#### TASK DETAILS
Nothing but the lines from the one containing "Top view of" through the last line of the material should appear in the answer, transcribed exactly, pictures excluded.

#### MATERIAL PROVIDED
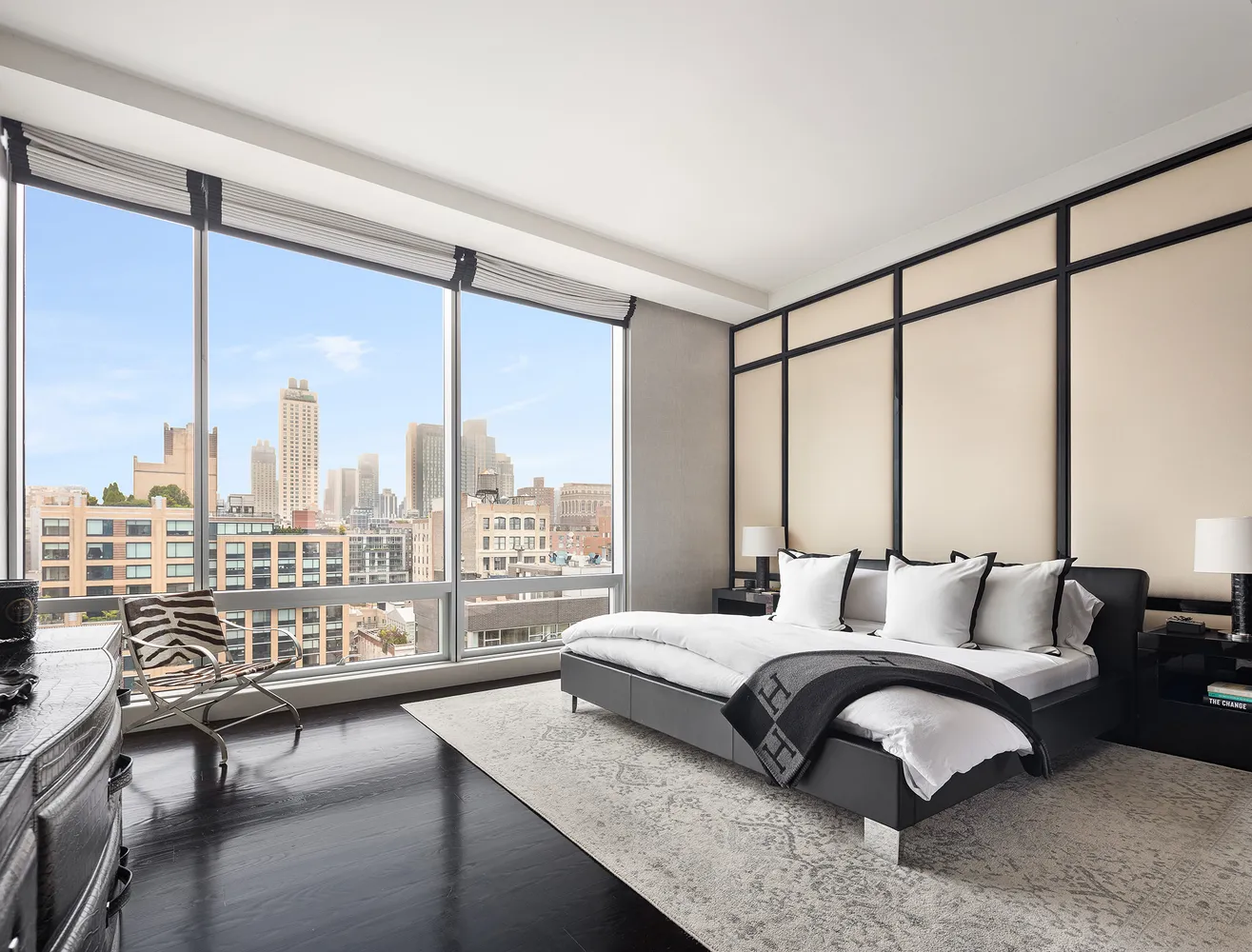 a bedroom with a large bed and a large window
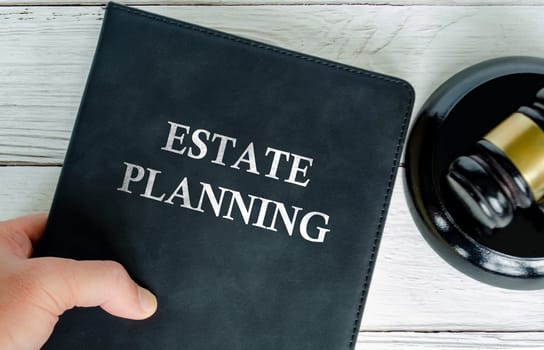 Top view of Estate Planning book with gavel background.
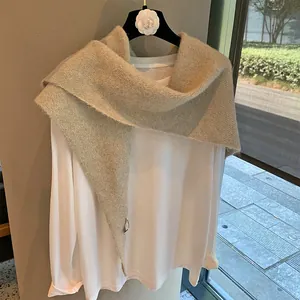 Detail of beige knit shawl texture with minimalist brand label on a white wooden hanger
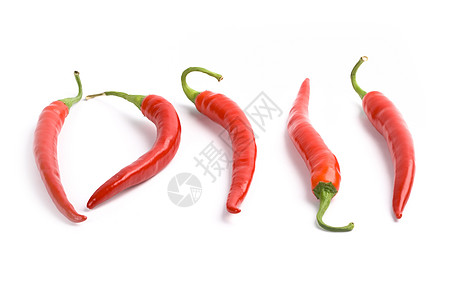 5个红辣椒红色绿色食物香料白色蔬菜宏观辣椒活力水果图片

#### FINISHED EXERCISE
 Top view of Estate Planning book with gavel background.
 Detail of beige knit shawl texture with minimalist brand label on a white wooden hanger
 5个红辣椒红色绿色食物香料白色蔬菜宏观辣椒活力水果图片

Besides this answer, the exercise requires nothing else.